Page MenuHomePhabricator

Flagged bots to have exeption from spamlist
Closed, DeclinedPublic

Description

The spamblocklist was created to combat spambots and people who add spam. If a page contains a spamlink users editing that page will be prevented from doing so. Admins are given an exception to this, which is fine. Bot flagged users (aka machines) should also be given the same exception.

When a bot preforming a routine task this protection gets in the way. It is not like bot flagged accounts will add spam links and if they do they will not only be promptly blocked but also loose their flag. I think we can easily trust bot flagged accounts.


Version: unspecified
Severity: enhancement

Details

Reference
bz13706

Event Timeline

bzimport raised the priority of this task from to Lowest.Nov 21 2014, 10:03 PM
bzimport set Reference to bz13706.
bzimport added a subscriber: Unknown Object (MLST).

Are admins exempt? I can't save pages that contain blacklisted URLs on wikis where I am an admin.

AFAI've experienced, admins are not exempt from this. Thus, there's no reason for bots to be exempt.

On the other hand, I think both should be exempt (and also given a warning about spamlink's presence in the page) for obvious reasons.

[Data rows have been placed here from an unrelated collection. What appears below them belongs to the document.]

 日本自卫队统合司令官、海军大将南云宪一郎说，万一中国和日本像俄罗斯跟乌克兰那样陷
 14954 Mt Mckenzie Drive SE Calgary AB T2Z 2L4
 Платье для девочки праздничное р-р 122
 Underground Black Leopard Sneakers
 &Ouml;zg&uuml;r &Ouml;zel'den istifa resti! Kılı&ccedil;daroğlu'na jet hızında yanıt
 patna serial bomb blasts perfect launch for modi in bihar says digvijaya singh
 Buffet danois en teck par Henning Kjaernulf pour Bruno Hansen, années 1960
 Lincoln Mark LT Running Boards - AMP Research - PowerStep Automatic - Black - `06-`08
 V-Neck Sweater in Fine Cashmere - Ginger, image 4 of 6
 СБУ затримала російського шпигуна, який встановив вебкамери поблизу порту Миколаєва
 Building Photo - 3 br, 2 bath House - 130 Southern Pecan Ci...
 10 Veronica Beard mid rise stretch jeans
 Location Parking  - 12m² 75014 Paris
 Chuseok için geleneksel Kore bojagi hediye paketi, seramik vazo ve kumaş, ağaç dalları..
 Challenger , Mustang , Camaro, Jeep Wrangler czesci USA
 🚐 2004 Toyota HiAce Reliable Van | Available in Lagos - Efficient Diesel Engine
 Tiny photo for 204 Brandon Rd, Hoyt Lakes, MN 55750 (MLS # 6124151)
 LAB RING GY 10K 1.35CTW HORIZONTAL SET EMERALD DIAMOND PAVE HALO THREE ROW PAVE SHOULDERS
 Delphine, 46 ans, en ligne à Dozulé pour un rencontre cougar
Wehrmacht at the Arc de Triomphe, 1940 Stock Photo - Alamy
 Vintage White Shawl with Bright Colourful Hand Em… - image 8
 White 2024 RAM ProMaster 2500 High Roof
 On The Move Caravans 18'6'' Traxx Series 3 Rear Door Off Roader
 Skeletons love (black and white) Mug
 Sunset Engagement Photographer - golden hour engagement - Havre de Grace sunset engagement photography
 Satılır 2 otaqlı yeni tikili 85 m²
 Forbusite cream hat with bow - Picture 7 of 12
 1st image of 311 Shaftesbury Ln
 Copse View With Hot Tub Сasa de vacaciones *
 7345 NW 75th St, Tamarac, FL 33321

There is no reason why a flagged interwiki bot should care about spam urls on pages. By the very nature of spam urls a human should review and decide weather or not to remove them.

I can understand a reason for exempting bots from spam filters.

  1. Vandal inserts spam url into a pile of pages.
  2. Admin adds the url to the blacklist (doesn't get rid of all the spam urls right away).
  3. Bot tries to edit the page to do some maintenance to the page completely independent of the spam.
  4. Bot receives a error page it may not be able to handle and either fails to do important maintenance, or crashes.

A bot editing a page which already has a Spam URL shouldn't crash just because a vandal already placed a url in the page. Could potentially break archiving bots or other ones which run actively to do cleanup or even revert unrelated vandalism.

A bot that crashes because an edit was blocked is a broken bot that needs to be fixed. It's perfectly normal and expected for some edits to fail:

  • the page may be protected
  • the account may be blocked
  • there may be transitory errors on the server
  • etc

Normal workflow would be for the bot to log that the edit failed and/or try again later.

No the bot does not crash. It is denied the edit continuously for something that has nothing to do with the bot.

If the bots normal work flow is to
*...rename or remove images
*...add/remove/replace interwikilinks
*...any other non-controversial maintenance task

there is no reason to prevent it from making such edits just because

*...a vandal added a spam link some few years ago
*...an admin accidentally added wrong entry to the spam blocklist

Additionally bots editing protected pages is addressed at Bug #13137 separately.

If the intention is to find all pages containing a link that matches the spamlist regex strings, that is a seperate issue and can be a seperate bugzilla entry.

If there's no reason for it to affect a bot, why should it affect anyone? The hit allows the issue to be found and cleaned up.

This proposed special case makes no sense and will not ever be implemented.

RESOLVED WONTFIX.

Yes, it is true that if a bot shouldn't be affected by something, then a user shouldn't either.

However there is a difference.

When encountering a spam block, a bot does not know what to do with it. Bots are not programmed to automatically remove spam links when they are blocked, and never should be programmed in that way. Removing spam links is a human job as it is a human's job to discern whether the link should be removed, or if the link actually belongs and the spam entry should be revised (such as a spam block which is to broad in range and blocks good sites).

So, while both affected, the human is able to fix the situation, however the bot is not able to do that. Because it cannot do that, it either halts, or skips something it should be doing. And not all bots have someone actively watching them for when they halt.

Splarka noted that bots could comment out links rather than remove them.
That resolution could be alright.

Though my initial thought about the bug (misread the 'Flagged' part) was that rather than an explicit thing, this would actually be a 'spamexempt' flag similar to the 'editprotected' flag where a wiki could enable it if they feel that there is a reason for it to be enabled.

I think it is extremely unreasonable to expect each automated bot script to contain a "comment out" mechanism for spam urls.

Bots are not people. Bots are only allowed to deal with a specific task. I cannot make my bot preform a task just because I feel like it, bot policies do not allow such a thing. Each bot script is expected and required to do something very specific. The code is expected and required NOT to do anything else. This issue is getting in the way of commons deletions and image renames, interwikilinking and other tasks that are UNRELATED to spamlists.

There are also legitemate reasons to add spam urls to wikipedia pages. For example in a talk page discussion about a spambot attack users may choose to list and discuss spam urls the spambot(s) are adding. These urls will eventually make their way to the spamlist.

Same talk page or talk archive may contain an image that needs renaming or removing. You are saying the bot should be banned from replacing an image or adding an interwiki link simply because the page contains a spamlink.

If your bot can't handle that some of its edits may be rejected, then it's completely unsuitable for use on a wiki. Pages may be protected, databases may be locked, IPs may be blocked -- that's the normal state of things.

These are *ALL* beyond the control of the bot. A bot that's not completely unsuitable for use will simply log the pages it can't make edits to, and the human can deal with them later.

Discussion is ended.

*** Bug 14691 has been marked as a duplicate of this bug. ***